Samsung Electronics announced that it has developed the world's largest transmissive TFT LCD (thin-film transistor, liquid crystal display), with sufficiently high resolution to display digital television content. The seven-inch, 640x480 (VGA-standard) flexible display uses a transparent plastic substrate that is thinner, lighter and more durable than the conventional LCD glass panels used today.
Moreover, the full-color transmissive LCD panel maintains a constant thickness even when it is bent.
Considered the next-generation in flat panel displays, this technology involves the use of pliable plastic instead of rigid glass substrates in TFT-LCD production. The plastic will not break when flexed, allowing much greater freedom in commercial designs requiring flexible full-color, high-resolution display components. The seven-inch flexible TFT-LCD is optimized for mobility applications, including cell phones and notebook computers. System designers and OEMs also may apply the advanced Samsung display technology to new applications, such as fashion-enhancing or wearable electronic display designs, thanks to its differentiated flexible format.
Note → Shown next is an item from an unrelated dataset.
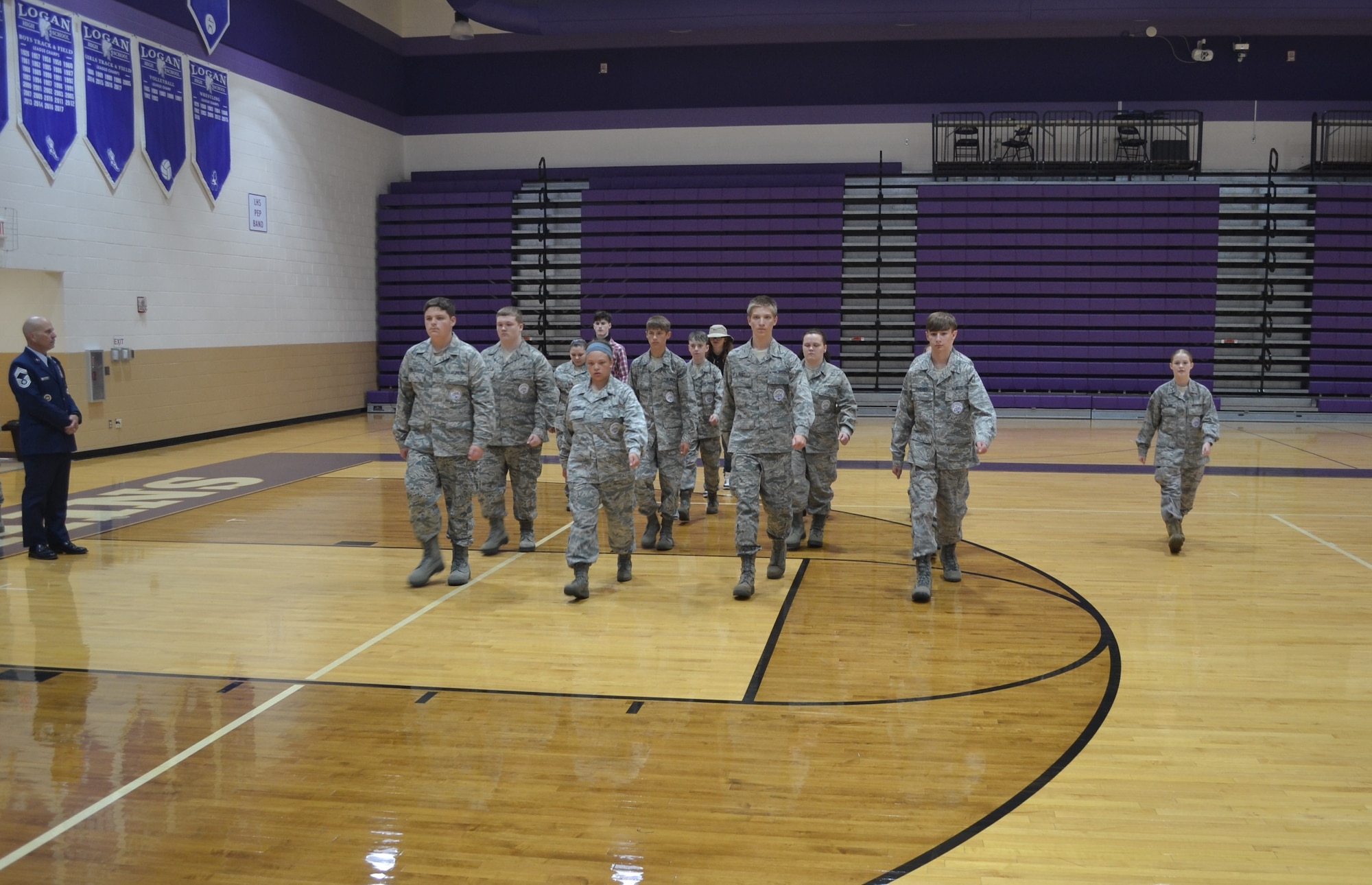 Retired Chief Master Sgt. David Dillon, an Air Force Junior ROTC Aerospace Science Instructor, observes as Cadet Emily Taulbee, right, practices marching a flight of new cadets at Logan High School in Logan, Ohio, Aug. 29, 2022.  Logan High School received approval to start an Air Force Junior ROTC program last year, and the program started its first full academic year in August of 2022.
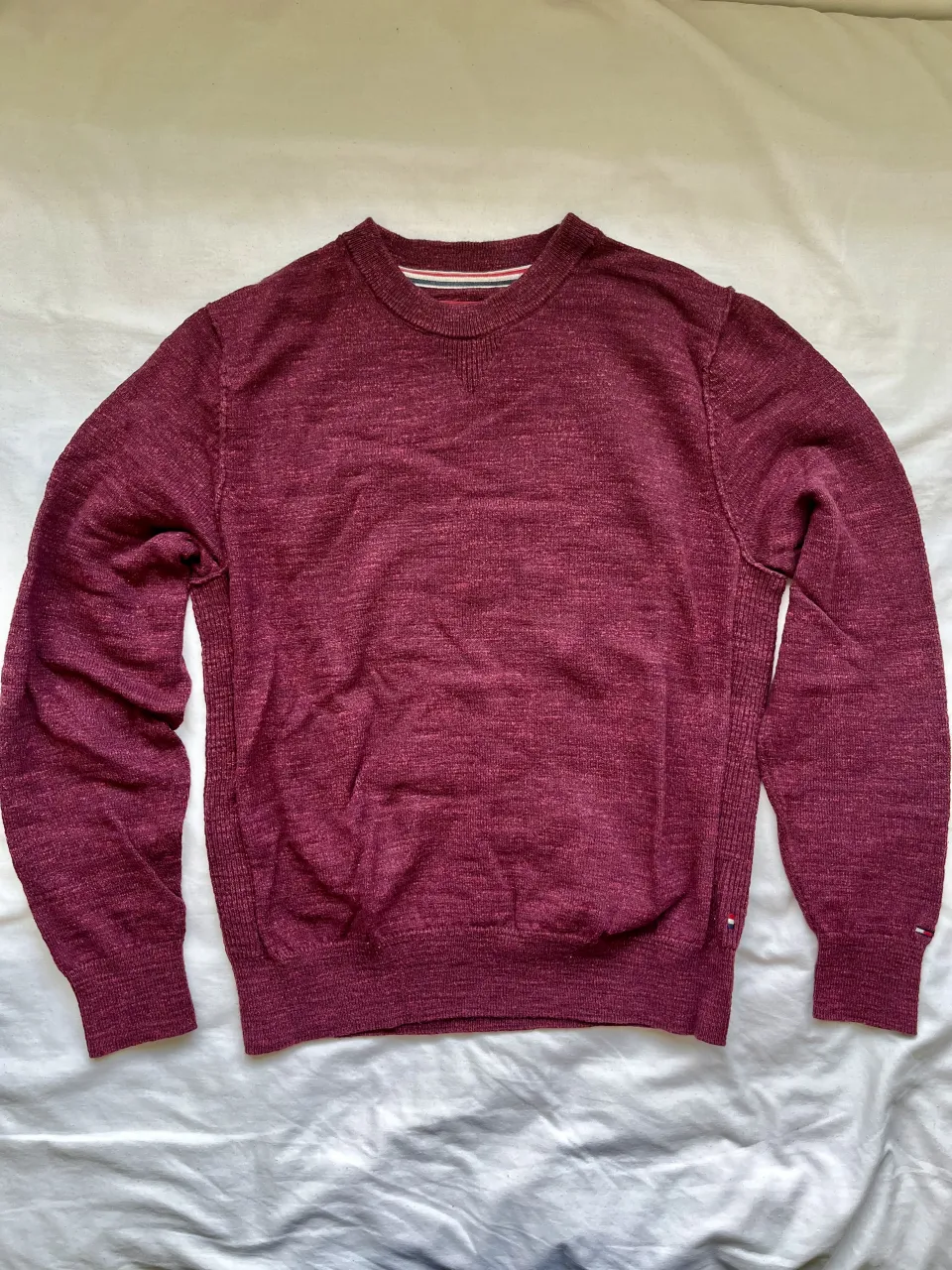 Pulóver de tejido fino en color bordó, con cuello redondo y detalles de costura en los laterales. Ideal para un look casual y cómodo.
The new display is double the size of Samsung's five-inch flexible LCD display prototype announced in January 2005.
With this advancement, Samsung has overcome daunting problems involving the plastic substrate's heat sensitivity including a previous challenge to maintain the display's substrate thickness when subjected to typical commercial thermal conditions. Samsung developed an low-temperature processing technique that can be used to manufacture the display's amorphous thin-film transistors, color filters and liquid crystals at process temperatures much lower than standard glass-based, amorphous silicon (a-Si) technology.
Drawing on technology adopted for the production of low-temperature (less than 130 degrees Celsius) a-Si TFT LCD and color filter, Samsung's proprietary LCD technology minimizes substrate deformation by preventing not only changes in thickness but also distortion of images by binding two extremely-thin panels together through a new proprietary system design.
The latest flexible LCD panel was developed under a three-year program funded by Samsung Electronics' next-generation display development group under the auspices of the Korean Ministry of Commerce, Industry and Energy, supported by Samsung's Corporate Research Fund.